WHAT NEEDS TO BE DONE: From the first line to the last, set down the material exactly, leaving out its pictures.

(PROVIDED MATERIAL begins)

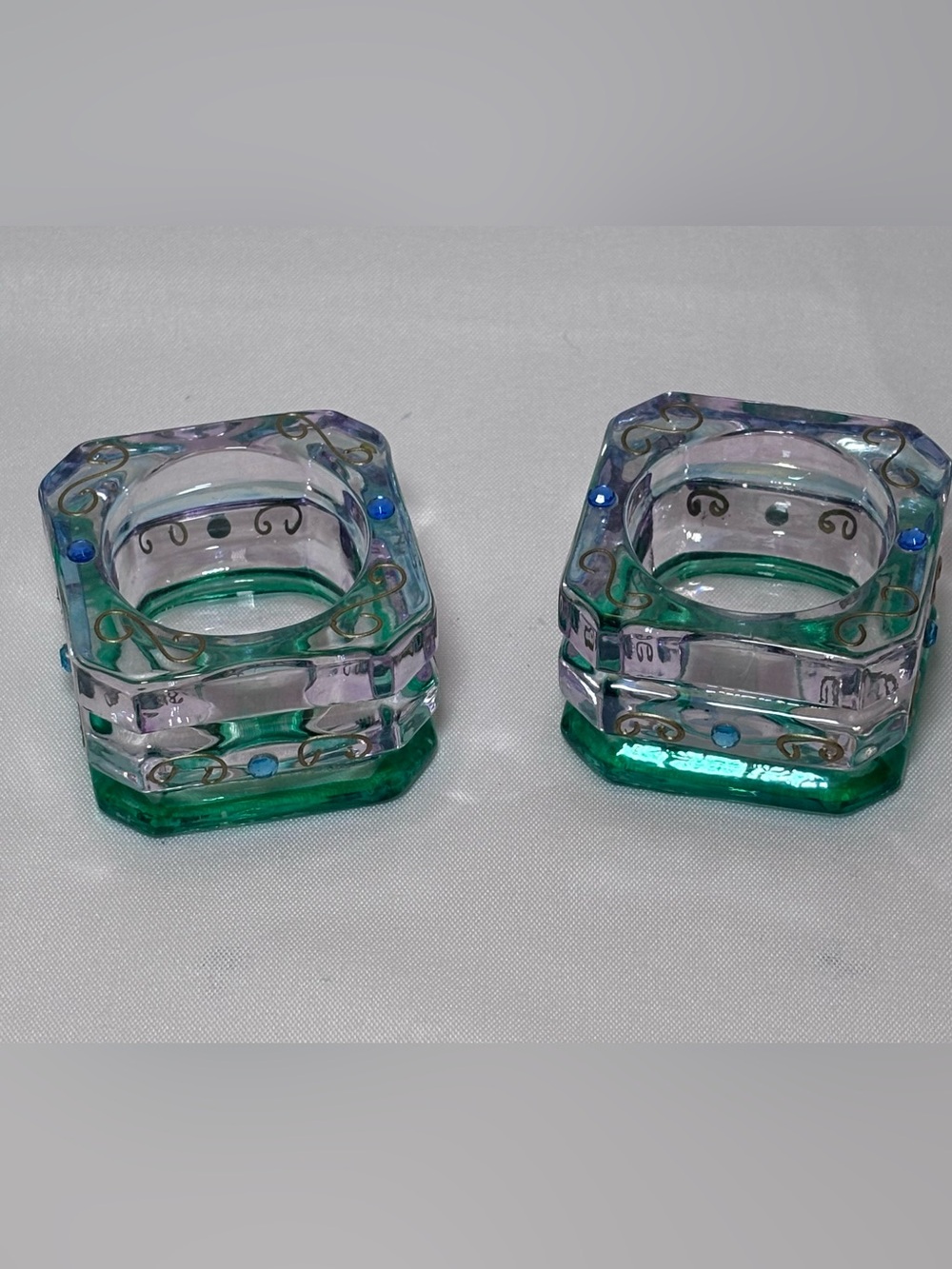 Vintage Partylite Mardis Gras Glass Tealight Holder Set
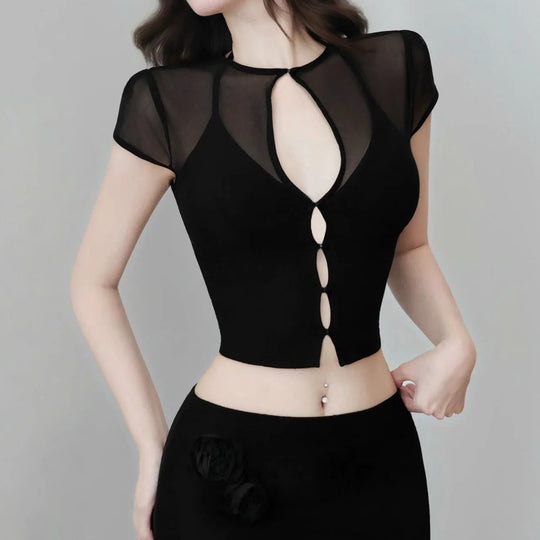 Damen Mesh-Oberteil mit dekorativem Bindeband EB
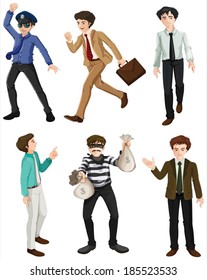 Illustration of the different work of men on a white background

(PROVIDED MATERIAL ends)

WRITTEN ANSWER:
 Vintage Partylite Mardis Gras Glass Tealight Holder Set
 Damen Mesh-Oberteil mit dekorativem Bindeband EB
 Illustration of the different work of men on a white background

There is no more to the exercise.